As was the case two years ago, local civil society organizations have played a major role in bringing relief to the victims of Giri, once again outshining the efforts of government agencies. The contribution of these community groups, whose members include people from all walks of life—from activists and artists to Buddhist monks and businessmen—has won growing recognition from international donors and aid agencies, who have come to see them as an invaluable source of the local knowledge they need to implement their projects.
(Coincidentally, Cyclone Giri struck the day after the regime unveiled the country's new yellow, green and red flag, which harked back to the days of Japanese rule in Burma, when the country had a similarly colored flag with a peacock in the center. On the new flag, however, a star replaces the peacock, which since 1988 has been a symbol of the NLD and Burma's pro-democracy movement.)
If there was an award for Burma's busiest man of the year, it would probably go to junta chief Snr-Gen Than Shwe. In the months leading up to the election, he went on something of a charm offensive, visiting a number of friendly capitals, including New Delhi, Vientiane and Beijing, to make sure he could count on his regional allies in the face of the inevitable outcry that would come from the West once it became clear that the vote would be anything but free and fair.
With growing economic ties between Burma and its neighbors, Than Shwe has little reason to fear that his foreign friends will abandon him now. But that doesn't mean that all is rosy between the regime and its closest allies—especially China, which has grown increasingly concerned about the restiveness of ethnic armed groups based along the Sino-Burmese border. Under pressure to join the junta's BGF scheme, the Kachin Independence Army (KIA), the United Wa State Army and the National Democratic Alliance Army are all bracing for the collapse of their cease-fire agreements with the regime. Most ominously, in October, Burma's state-run press referred to the KIA as “insurgents,” a designation that had not been used since the group agreed to stop fighting in 1994.
When he wasn't traveling abroad to shore up regional support for his regime, Than Shwe was busy spending much of his time and energy trying to ensure the loyalty of a new generation of up and coming generals. While he himself continues to hold on to his position as commander in chief, many other leading generals were forced to resign to take up positions as politicians in next year's new “civilian” government. This left openings for younger officers eager to rise through the ranks, while effectively sidelining other senior military men who might challenge his rule after the regime officially hands over power. And with 25 percent of the seats in the new parliament going to military appointees, he will also have ample opportunity to exercise his patronage there, too. This should be enough to guarantee that, whether or not he becomes president, Than Shwe will remain as the “senior general” who calls all the shots.
Meanwhile, the military continues to consume most of Burma's wealth, with much of the rest of it going directly to Than Shwe and his closest and most trusted associates.
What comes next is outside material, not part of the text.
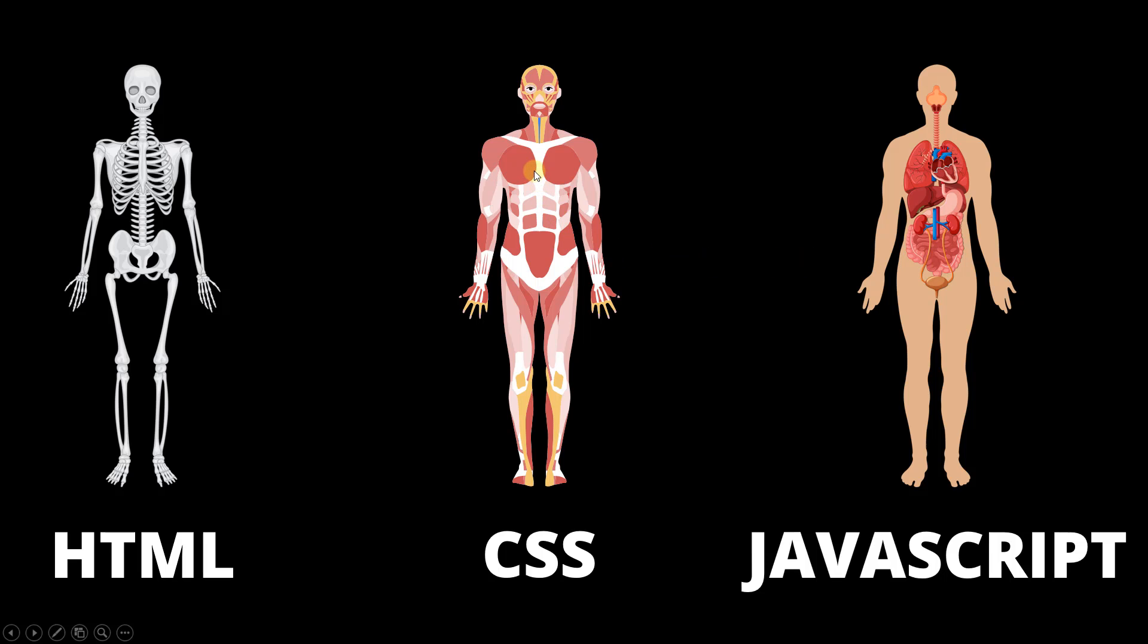It is not enough if you just have a skeleton, muscles and skin. You need to have other organs too. You need to have heart to pump blood, you need to have lungs to purify air and breathe. In other words, you need to have all these organs to give functionality to the body. And that is what JavaScript does.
According to the junta’s Ministry of Commerce, Burma’s export earnings from natural gas in the first eight months of this year were estimated at US $4 billion, while jade exports for the same period were $1.1 billion, with even more sold at the Naypyidaw gems fair in November.
Of these billions, precious little went to spending on health, education or anything else that the country so desperately needs. According to Sean Turnell, a professor of economics at Macquarie University in Sydney, Australia, the junta is hiding Burma’s gas earnings through its dual exchange rate system. Under the name of “privatization,” junta cronies are also laying claim to anything worth owning—from gas stations to hydropower plants, cinemas to telecommunications companies, factories and warehouses to airlines.
It remains an open question how much of the regime's growing military budget is being spent on non-conventional weapons. Analysts believe that many of Burma's future military purchases may come from North Korea. According to a report by UN experts, North Korea is exporting nuclear and ballistic missile technology and using multiple intermediaries, shell companies and overseas criminal networks to circumvent UN sanctions.